**WORK TASK**
Every entry in the data is to be written out exactly; no picture belongs in the copy.

**DATA FOR THE TASK**

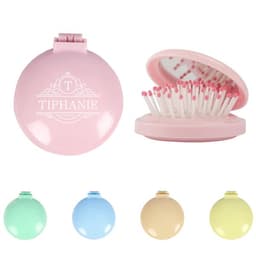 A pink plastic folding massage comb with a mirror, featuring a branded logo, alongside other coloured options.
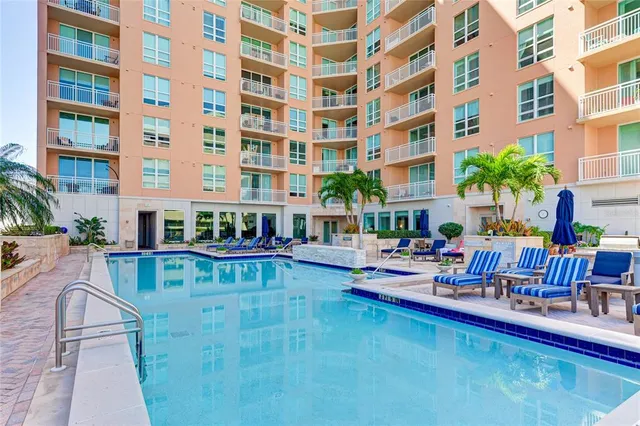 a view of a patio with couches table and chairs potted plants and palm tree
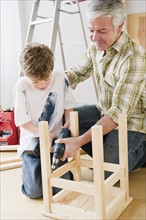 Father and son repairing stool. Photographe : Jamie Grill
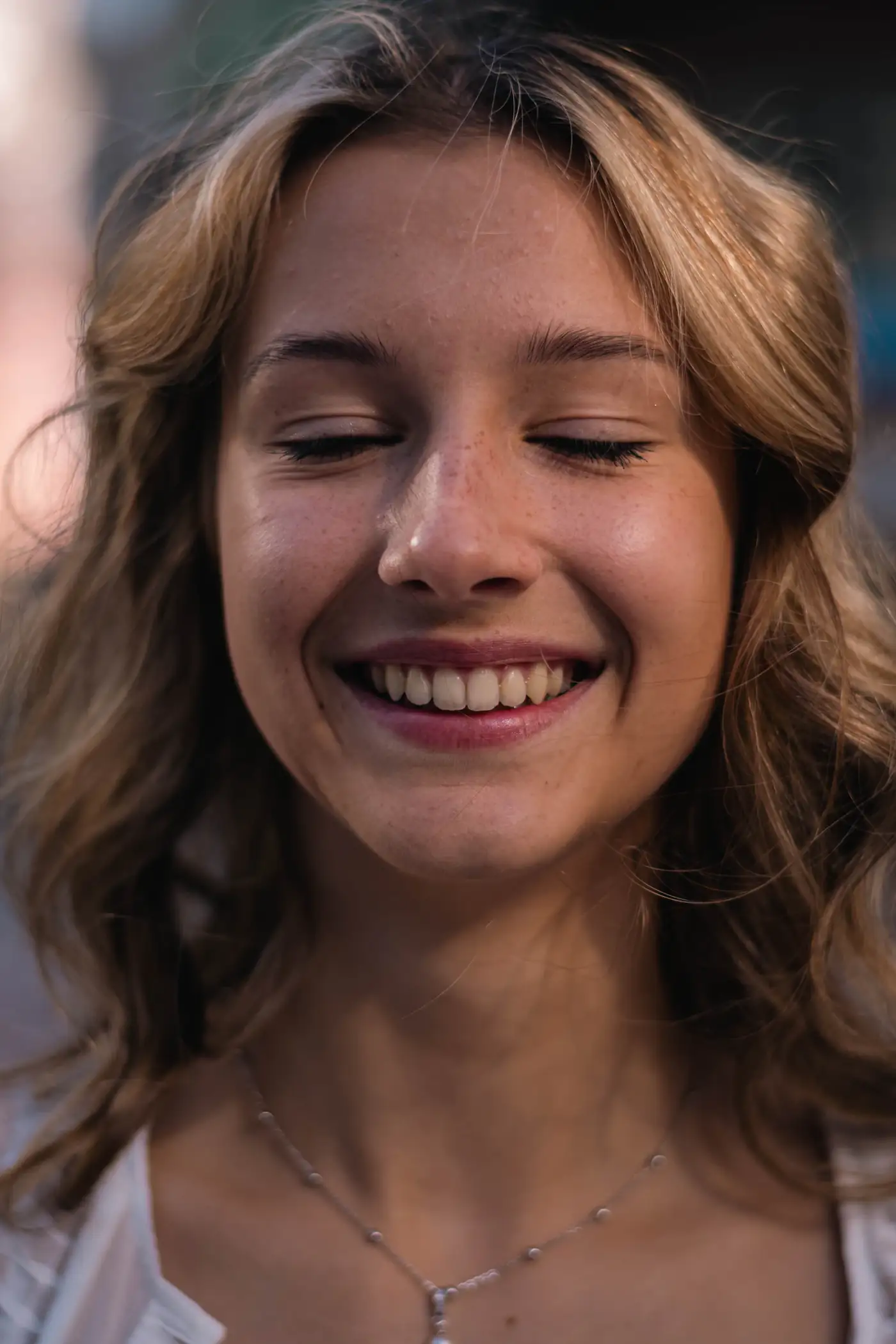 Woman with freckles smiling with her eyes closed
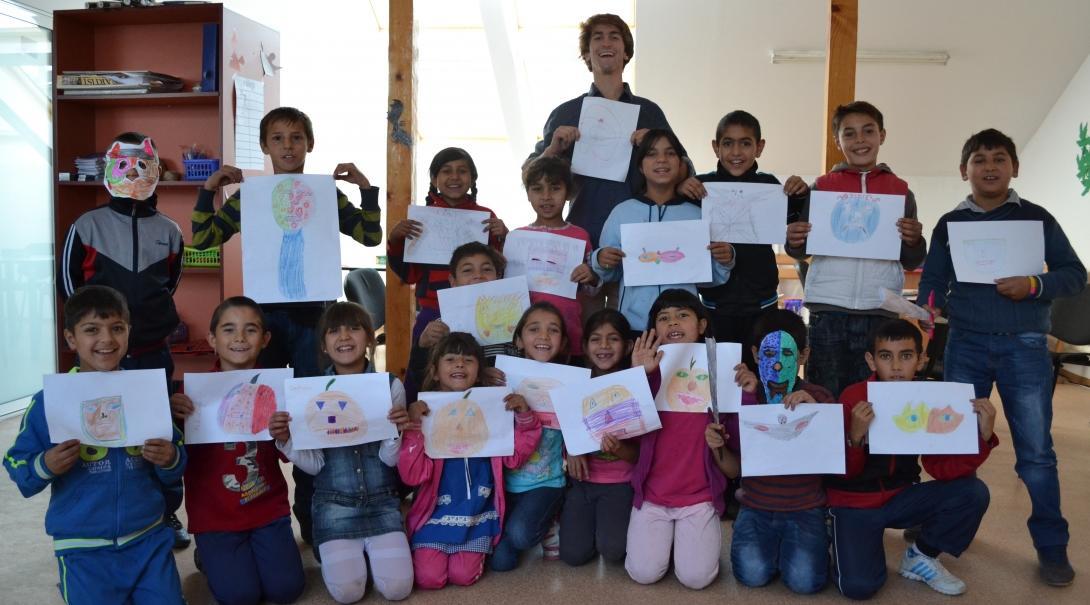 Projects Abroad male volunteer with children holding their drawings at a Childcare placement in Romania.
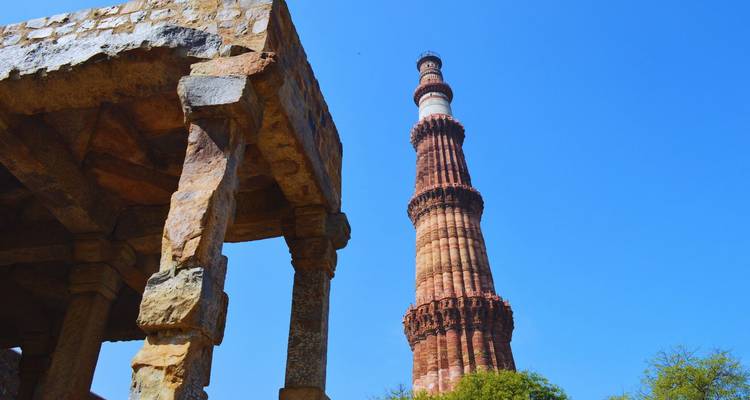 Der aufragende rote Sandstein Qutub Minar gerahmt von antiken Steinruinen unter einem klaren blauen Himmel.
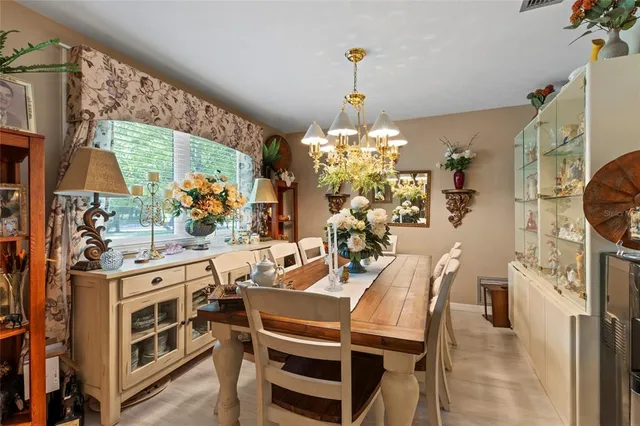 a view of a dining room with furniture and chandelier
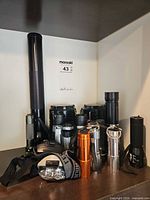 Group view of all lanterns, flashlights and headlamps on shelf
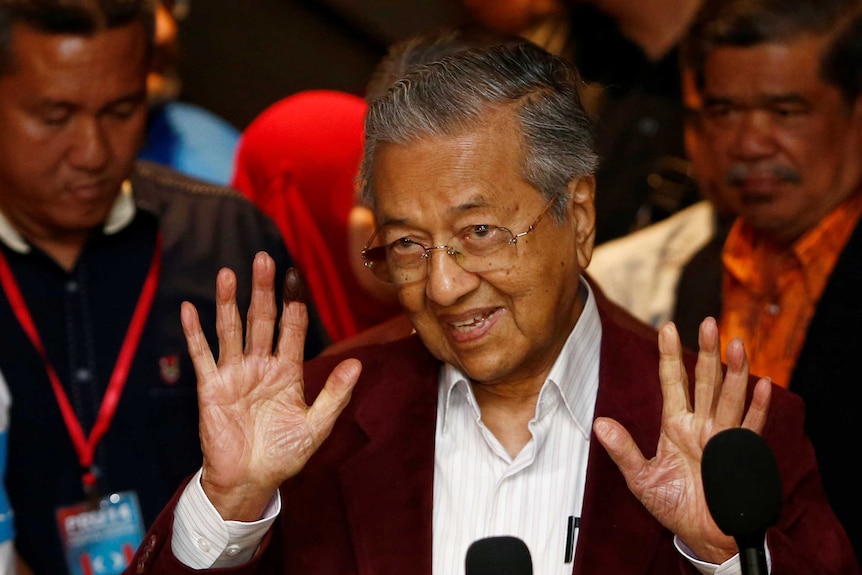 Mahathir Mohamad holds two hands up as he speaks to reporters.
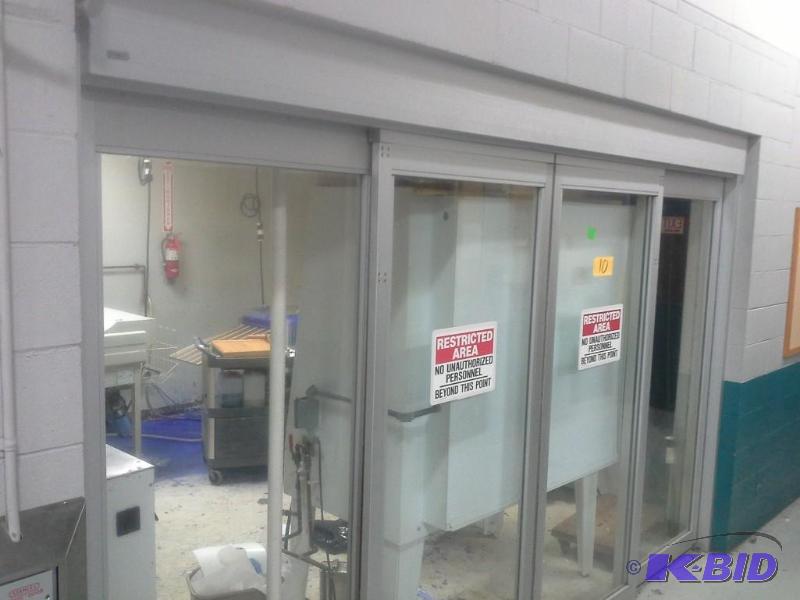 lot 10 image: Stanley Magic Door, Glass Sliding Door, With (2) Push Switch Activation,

**WRITTEN SOLUTION**
 A pink plastic folding massage comb with a mirror, featuring a branded logo, alongside other coloured options.
 a view of a patio with couches table and chairs potted plants and palm tree
 Father and son repairing stool. Photographe : Jamie Grill
 Woman with freckles smiling with her eyes closed
 Projects Abroad male volunteer with children holding their drawings at a Childcare placement in Romania.
 Der aufragende rote Sandstein Qutub Minar gerahmt von antiken Steinruinen unter einem klaren blauen Himmel.
 a view of a dining room with furniture and chandelier
 Group view of all lanterns, flashlights and headlamps on shelf
 Mahathir Mohamad holds two hands up as he speaks to reporters.
 lot 10 image: Stanley Magic Door, Glass Sliding Door, With (2) Push Switch Activation,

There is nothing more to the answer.